### What you are asked to do:
Pictures are to be omitted. Output only the lines from the one containing "Mercedes E 240" through the end of the data, word for word.

### Given information:
-=-=-=-=-

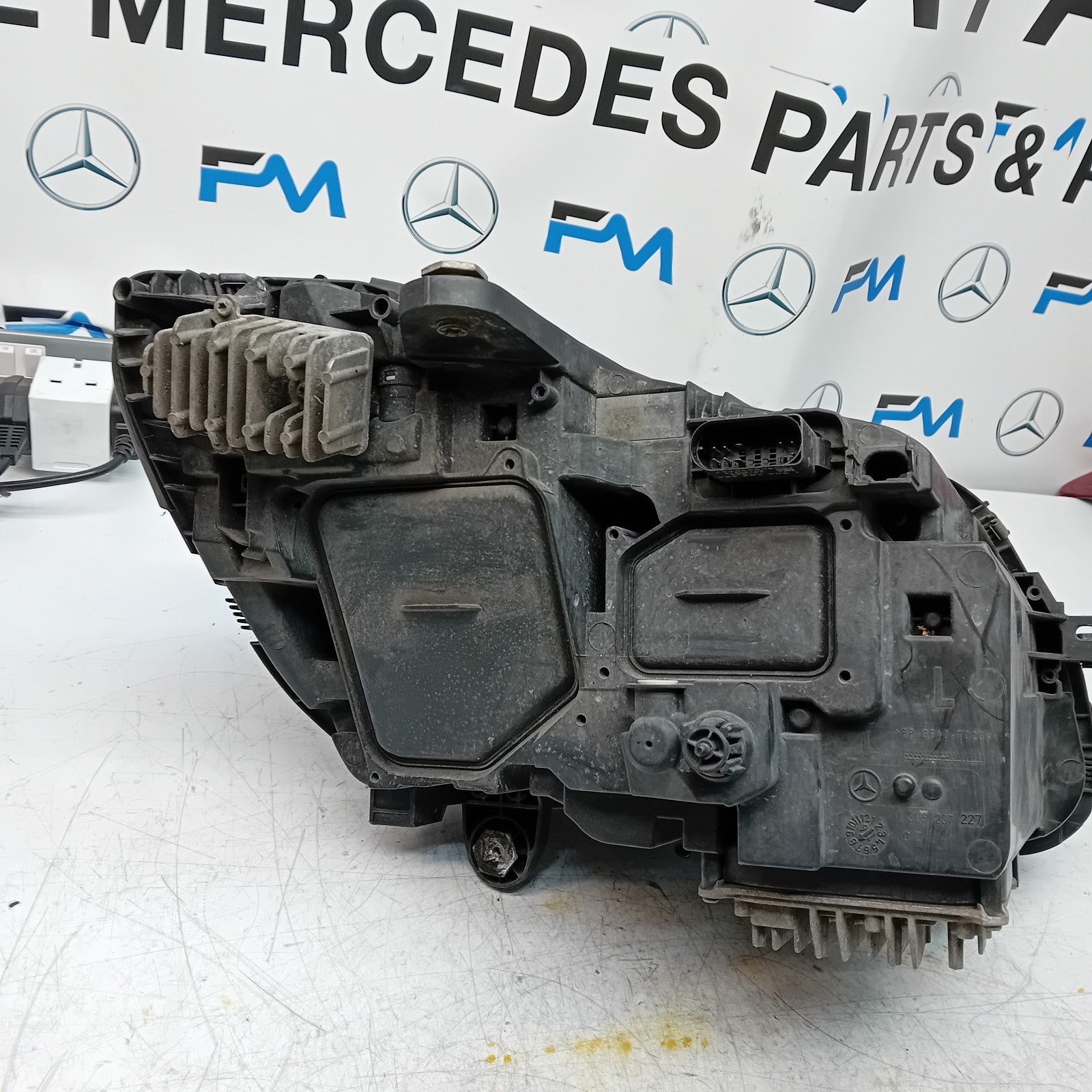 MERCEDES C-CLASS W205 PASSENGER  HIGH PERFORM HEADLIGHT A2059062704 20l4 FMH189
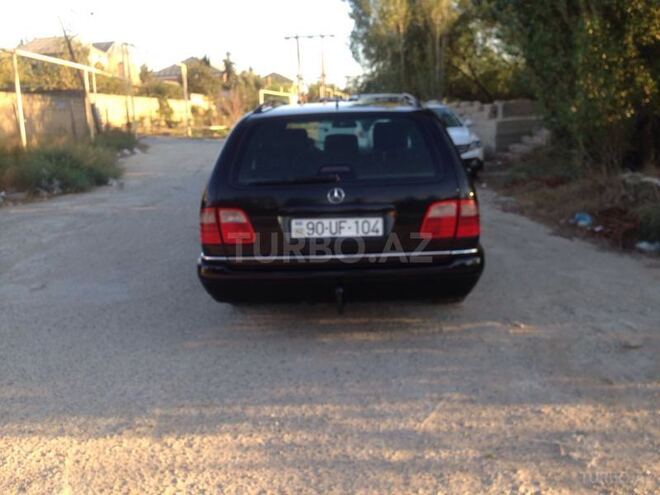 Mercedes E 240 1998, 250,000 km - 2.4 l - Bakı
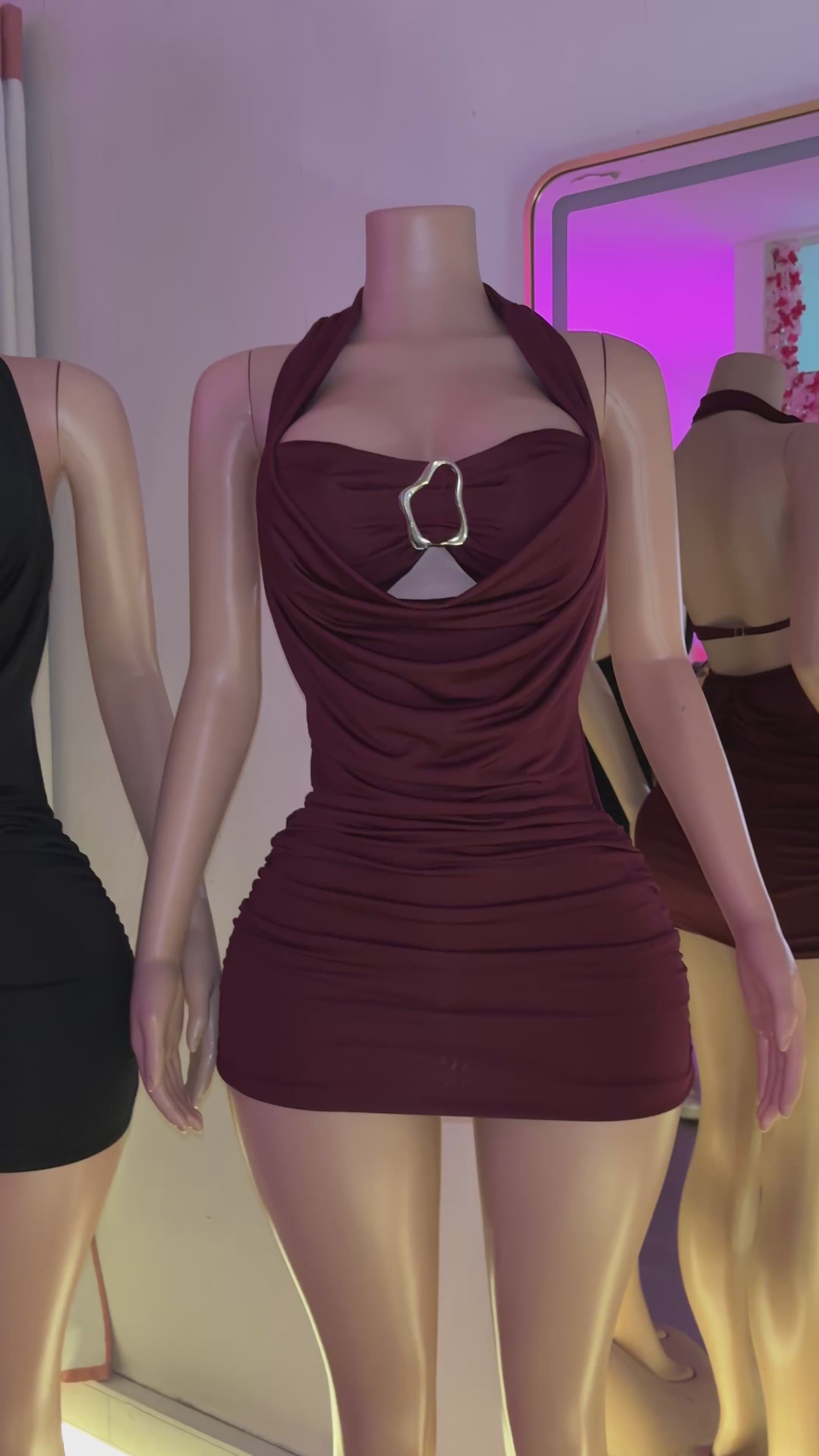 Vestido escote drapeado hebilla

-=-=-=-=-

### Response to the task:
 Mercedes E 240 1998, 250,000 km - 2.4 l - Bakı
 Vestido escote drapeado hebilla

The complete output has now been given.